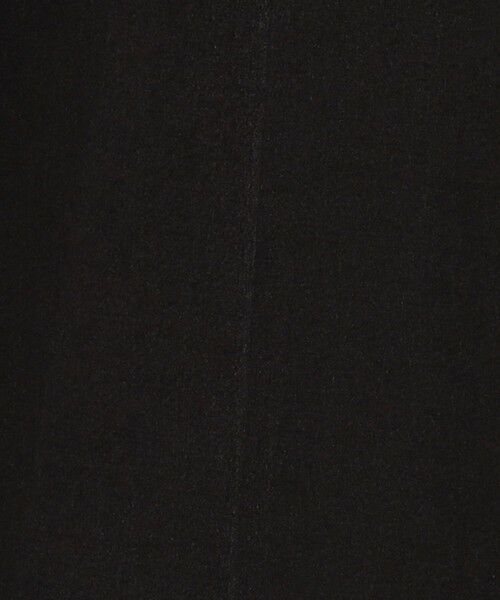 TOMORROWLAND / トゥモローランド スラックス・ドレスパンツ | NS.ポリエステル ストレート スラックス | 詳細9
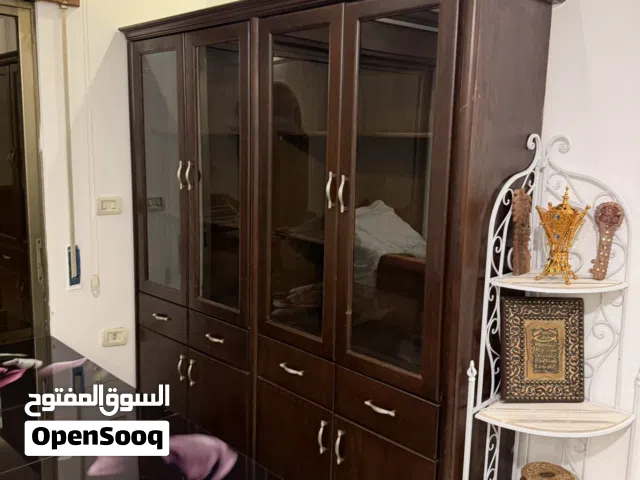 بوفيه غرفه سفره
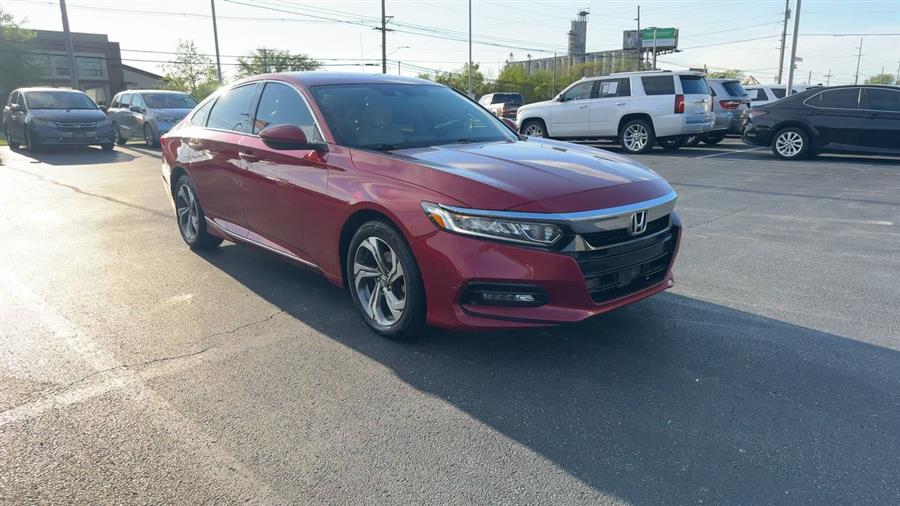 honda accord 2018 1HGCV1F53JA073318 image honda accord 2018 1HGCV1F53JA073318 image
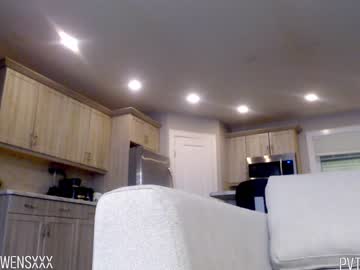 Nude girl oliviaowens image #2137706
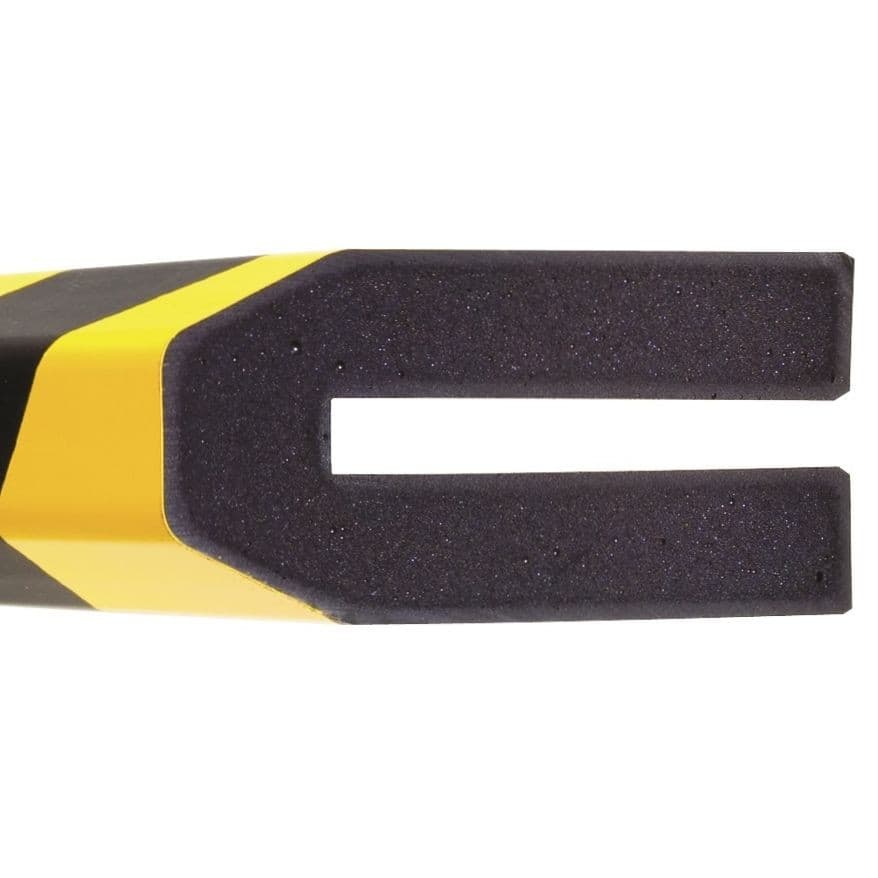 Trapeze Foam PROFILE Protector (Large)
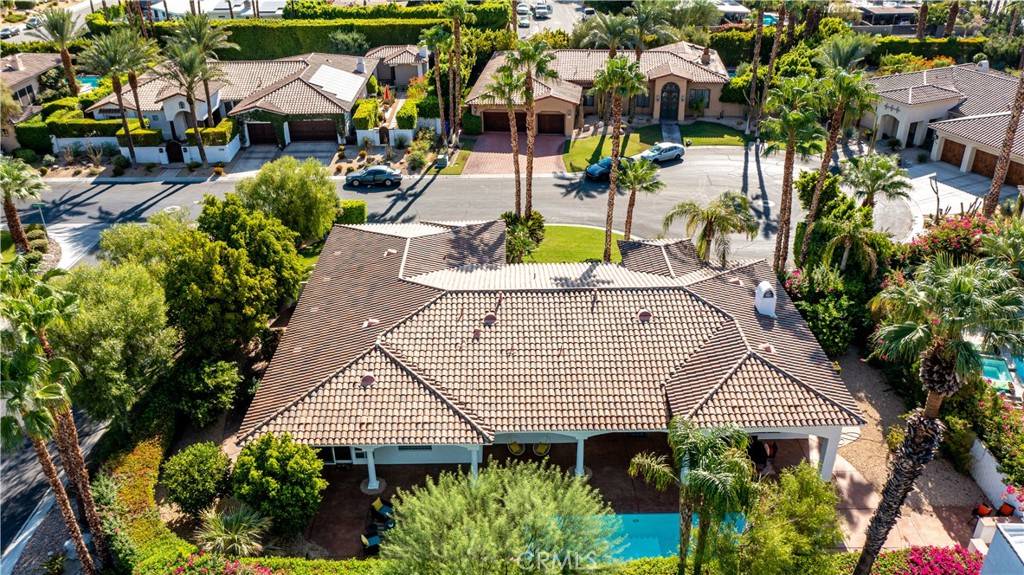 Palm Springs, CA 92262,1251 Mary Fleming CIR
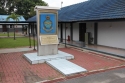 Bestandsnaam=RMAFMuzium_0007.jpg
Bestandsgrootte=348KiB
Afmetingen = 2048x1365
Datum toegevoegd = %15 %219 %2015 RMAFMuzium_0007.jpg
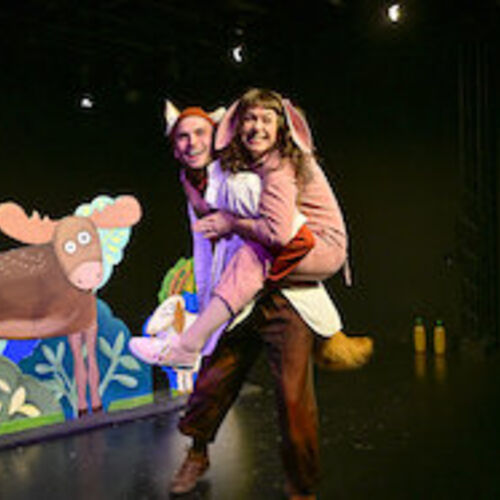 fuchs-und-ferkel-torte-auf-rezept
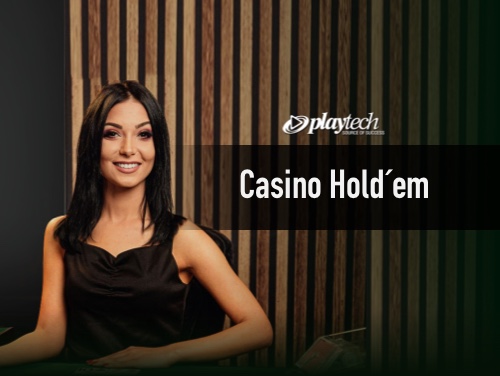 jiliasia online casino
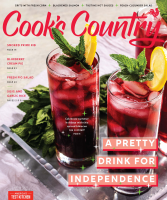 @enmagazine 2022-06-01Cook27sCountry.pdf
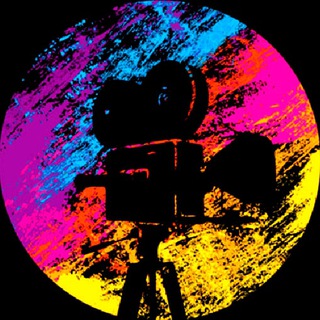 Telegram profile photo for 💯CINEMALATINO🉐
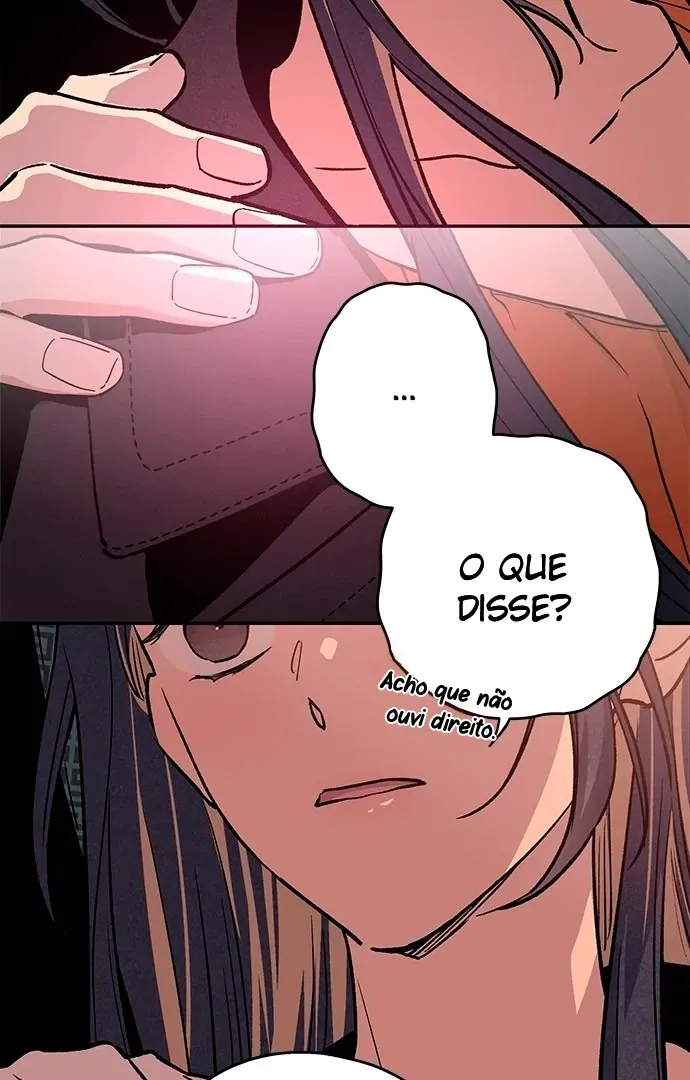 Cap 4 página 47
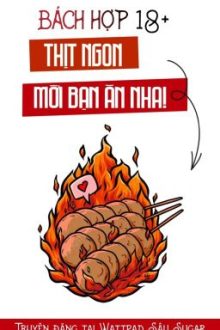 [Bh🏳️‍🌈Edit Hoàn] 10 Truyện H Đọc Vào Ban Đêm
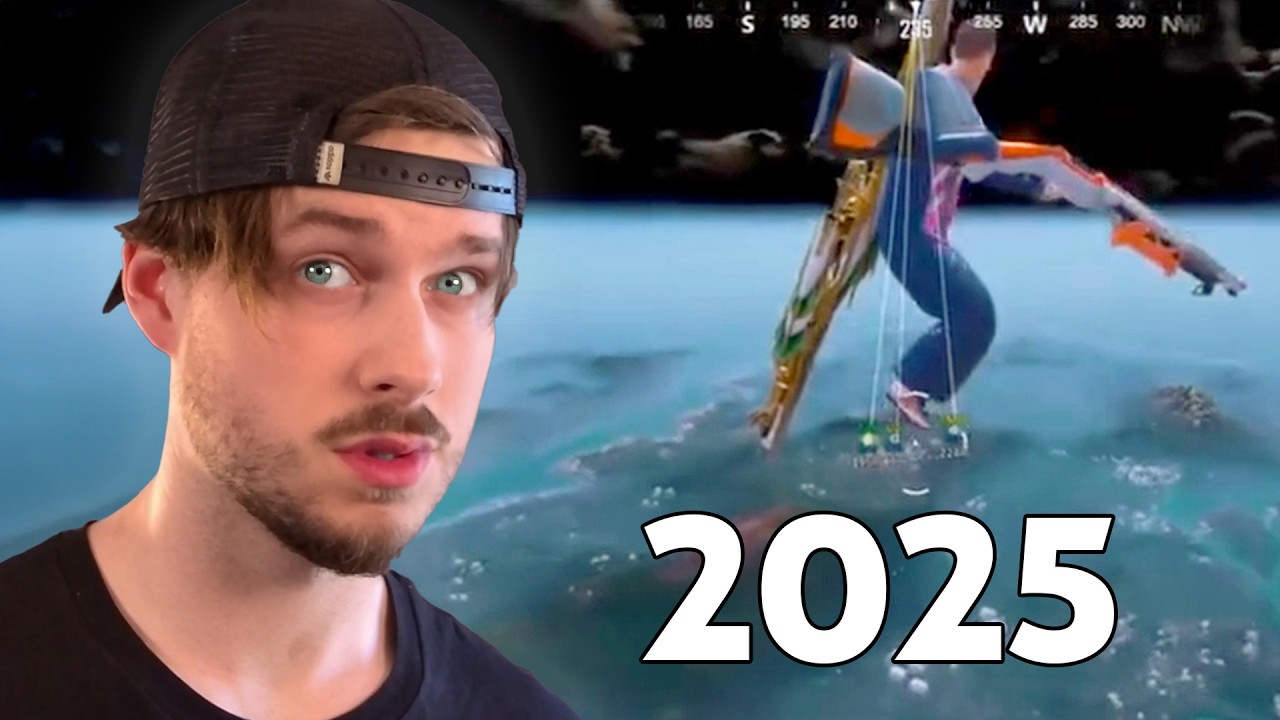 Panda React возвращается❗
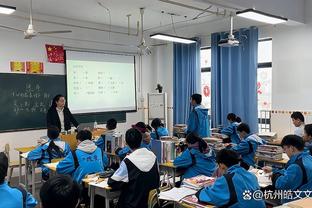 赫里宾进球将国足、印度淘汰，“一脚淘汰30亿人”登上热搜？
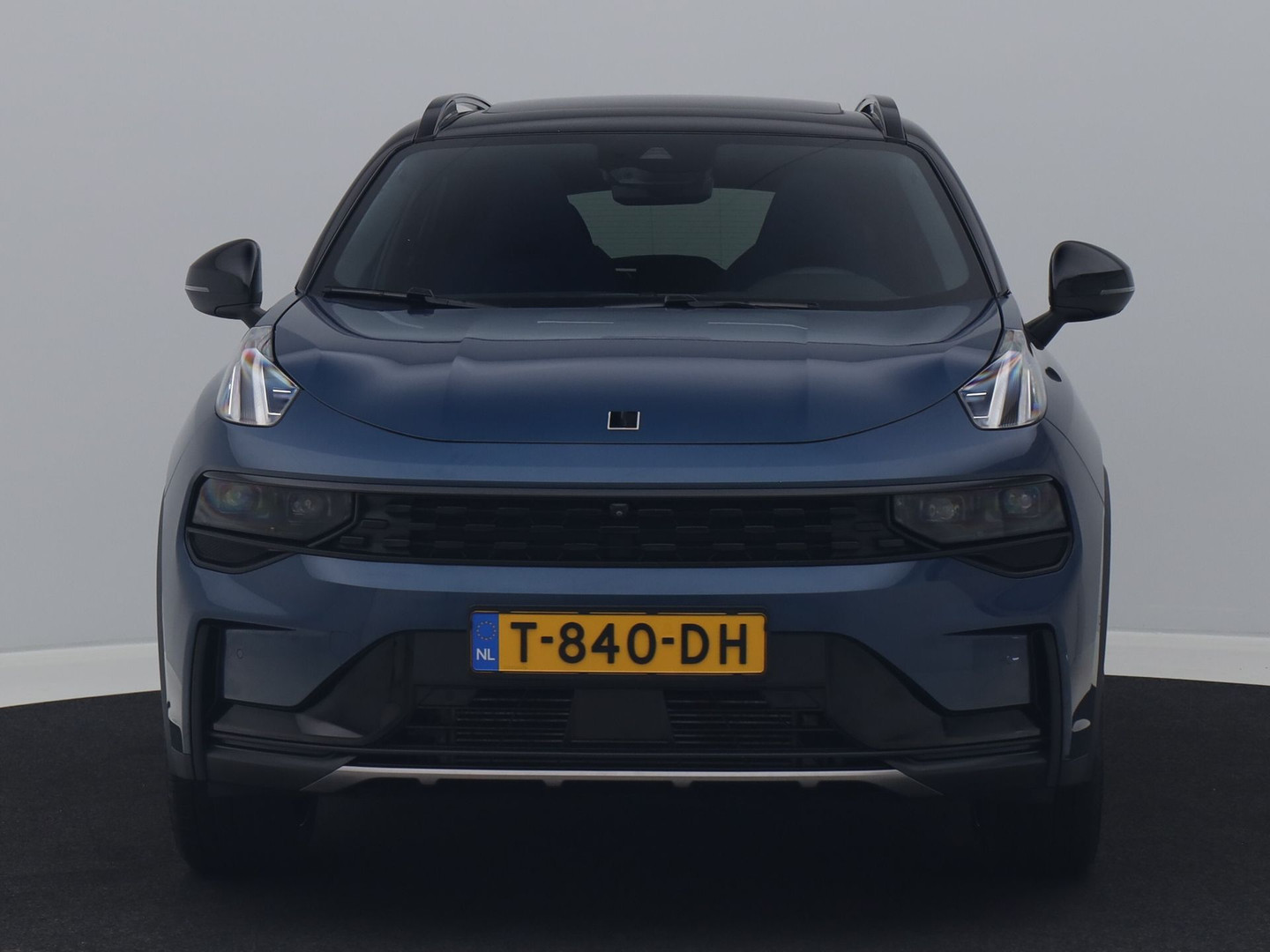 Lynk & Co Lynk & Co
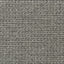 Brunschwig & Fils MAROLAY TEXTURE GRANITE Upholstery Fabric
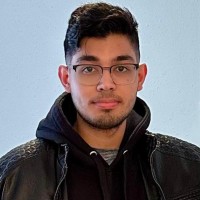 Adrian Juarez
-*-*-
- What is required
Copy exactly, and copy only, the lines from the one bearing "Cap 4 página 47" through the closing line of the material, with both ends kept and pictures removed.

- Answer area
 Cap 4 página 47
 [Bh🏳️‍🌈Edit Hoàn] 10 Truyện H Đọc Vào Ban Đêm
 Panda React возвращается❗
 赫里宾进球将国足、印度淘汰，“一脚淘汰30亿人”登上热搜？
 Lynk & Co Lynk & Co
 Brunschwig & Fils MAROLAY TEXTURE GRANITE Upholstery Fabric
 Adrian Juarez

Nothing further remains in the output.